*TASK GOAL*:
Look below for the line that contains "WILLAUMEZ (Vice-Amiral)", then copy it and each following line exactly, through and including the line that contains "Pair of Reversible".

*DATA FOR REVIEW*:
....

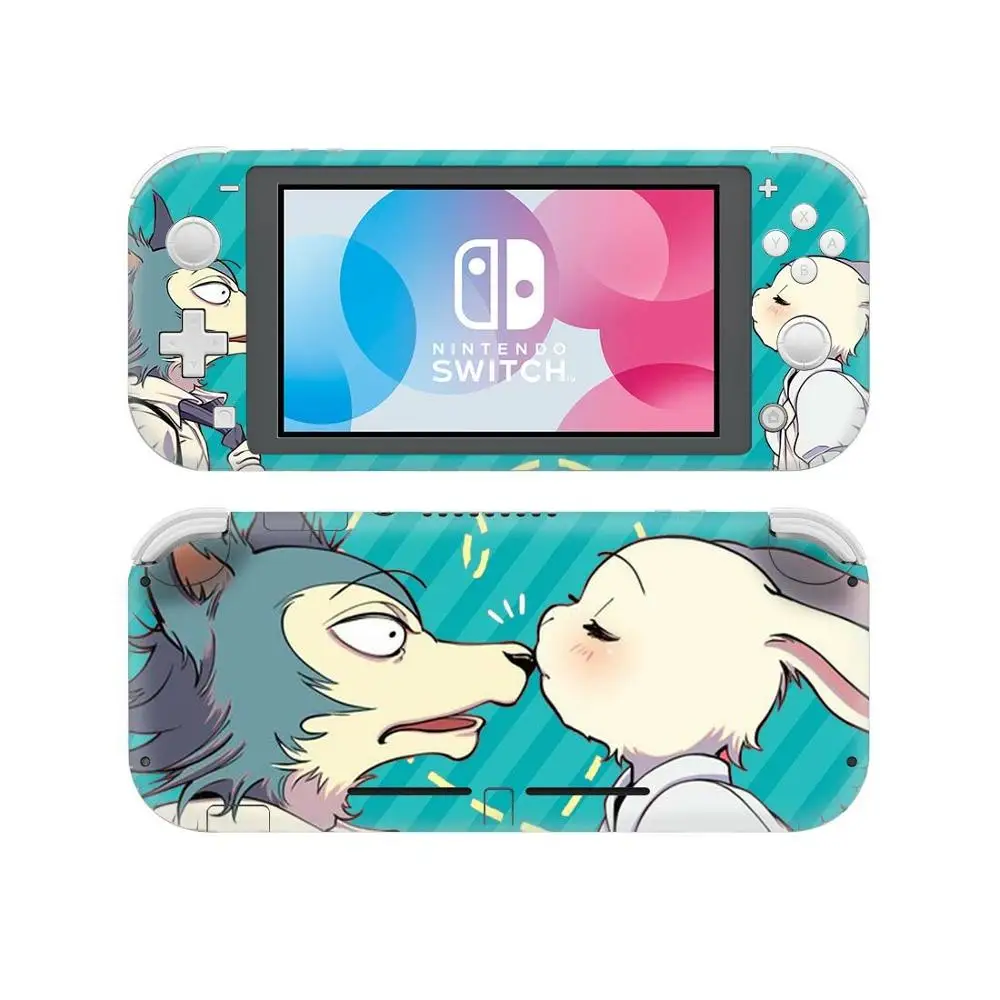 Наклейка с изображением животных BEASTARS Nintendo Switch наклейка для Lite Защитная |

....

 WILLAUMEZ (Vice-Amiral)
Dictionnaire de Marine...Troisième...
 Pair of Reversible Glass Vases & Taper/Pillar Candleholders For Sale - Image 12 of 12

....

*SOLVED PROBLEM*:
 WILLAUMEZ (Vice-Amiral)
Dictionnaire de Marine...Troisième...
 Pair of Reversible Glass Vases & Taper/Pillar Candleholders For Sale - Image 12 of 12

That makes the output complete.